People have been awesome and generous.  Road angels in the Chicago area, and then in Crown Point, Hebron and here in LaCrosse, Indiana.  Sometimes people let me make an offering of my own, but mostly I'm on the receiving end - still learning how to say 'THANK YOU!'  My appreciation is yuuge!

One note on flora; the lilacs here are immense, and growing everywhere. They're in bloom now and it's a very heady perfume downwind!




Back to cardinal country!  (Sorry about the screen...)

Monday, April 17, 2017

Counting down - again!

This feels familiar -- one week out from 'lift-off', scurrying around to finish whatever must be done, or else put off for the next several months.  And indulging in a little nostalgia in the form of a line from a poem, leftover from the days when I aspired to write such things!

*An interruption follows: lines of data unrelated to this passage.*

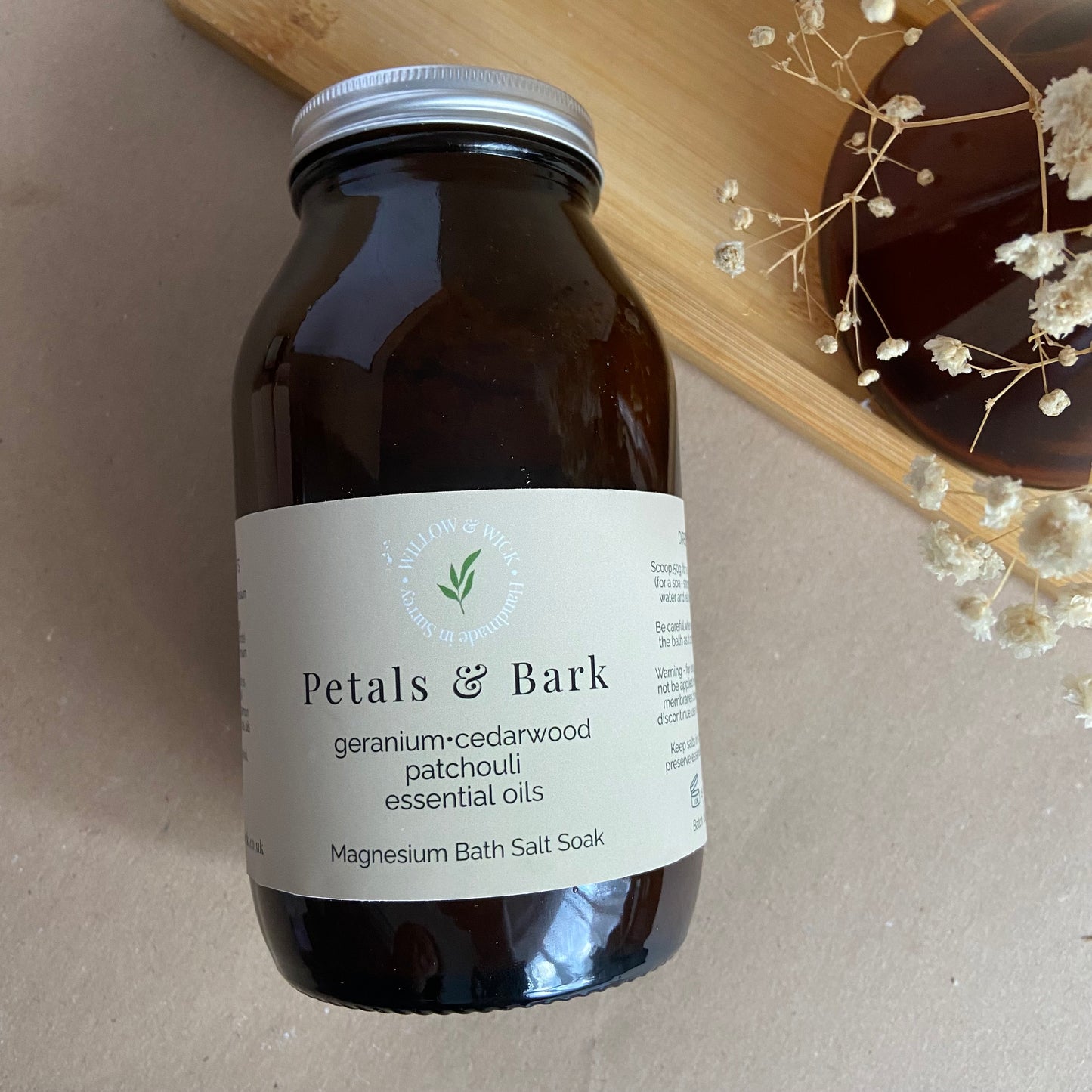 Petals & Bark Magnesium Bath Salt Soak--Willow & Wick-Willow & Wick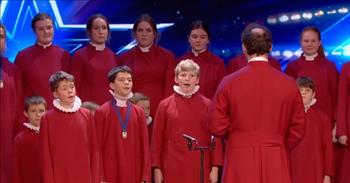 <p>It is always fun seeing young people work together in perfect harmony on national television. In this clip, a church choir performs a soulful rendition of &ldquo;Can You Feel the Love Tonight&rdquo; on BGT.</p>

<p>At the start of the video, the choir is introduced as a choir of kids from Cornwall. The judges ask more about the choir. The director shares that it is a volunteer church cathedral choir. The director speaks very eloquently sharing that their dream is to bring something very traditional to be part of the mainstream.&nbsp;</p>

<p>As the group begins to sing, this group of 8-18 year olds, excites the audience. The group has so many different parts it is incredible to watch them and hear their precision and unity. They have great energy and originality.&nbsp;</p>

<p>Suddenly a young boy sings a solo and the audience absolutely melts over his voice. The choir finishes in stunning confidence. All of the judges stand applauding and the entire audience joins in and cheers. The choir members smile and look so surprised at the response.</p>

<p>The judges tell the choir that it was stunning, that it was perfection, and they have such purity. They love the harmonies and it was classic and they loved the ensemble. The chorus receives four yeses and they all high five and smile at each other. This group has such a beautiful tone that is really enjoyable to listen to.&nbsp;</p>

<p>Choirs give us a little taste of the glory that will one day be given to Jesus in Heaven. We glorify Him now imperfectly, but one day it will be glorious perfection worshiping Him with a new song.</p>

<p><em>&ldquo;And they sang a new song before the throne and before the four living creatures and the elders. No one could learn the song except the 144,000 who had been redeemed from the earth.&rdquo; <a href="https://www.godtube.com/bible/Revelation/14-3">Revelation 14:3</a></em></p>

'The faces of arrival and departure are winking at me
from between the lines of my oral history...'

...written during a 'creative period' spent at Tassajara Zen monastery, during which every rock and twig seemed laden with inspirational potential.  The 'oral history' was a talk every new student was asked to present, called a 'way-seeking mind' talk.  Now here I am again, sharing my way-seeking mind with whomever may be inclined to tune in(!)

In the San Francisco Bay Area it is spring in spades - after a drenching winter local flora is greening up, leafing out and, as it continues to rain, celebrating the season in a riot of new growth (much of it needing to be trimmed!).  I have connected with several generous Chicago and Indiana  hosts to send me off as I begin the last 1000+ mile leg of this walking venture.  It will be interesting to see if politics/national mood plays a part in my encounters with people this season; it has not done so very often in the past.  News media falls so far short of reflecting the great diversity of opinion and concern across this country.  Though I am very grateful for the presence of our '4th Estate', in most of its many forms!

Will post again from the trail - the American Discovery Trail!




What luck to have a walking trail accessible right from my neighborhood!





Monday, February 20, 2017

'Unconditional' activism

Here are a few more thoughts from last week; both seem important.

First of all, on the subject of activism - A friend and I were recently discussing the ever more urgent need to engage actively in standing up for our principles - and for liberties we have probably been taking for granted.  In particular, how can we know that our efforts are having an impact, and, more to the point, I believe, is it necessary to see concrete 'results'?   Lately it seems to me that such assurances (of results) are a luxury and that activism is simply our responsibility, whenever and however we can participate, and whether or not we are convinced of or can see its effects.  Many of our actions will be 'fruitless' in practical terms, but we cannot let that fact silence our voices.

And speaking of taking things for granted - in my several seasons of pilgrimage so far, it has never been so clear to me as it is now,  that I might not have the nerve to embark on this walk were I not a white person.  That thought has certainly crossed my mind regularly in past seasons; it's just that in our present sociopolitical climate it becomes even more painfully obvious!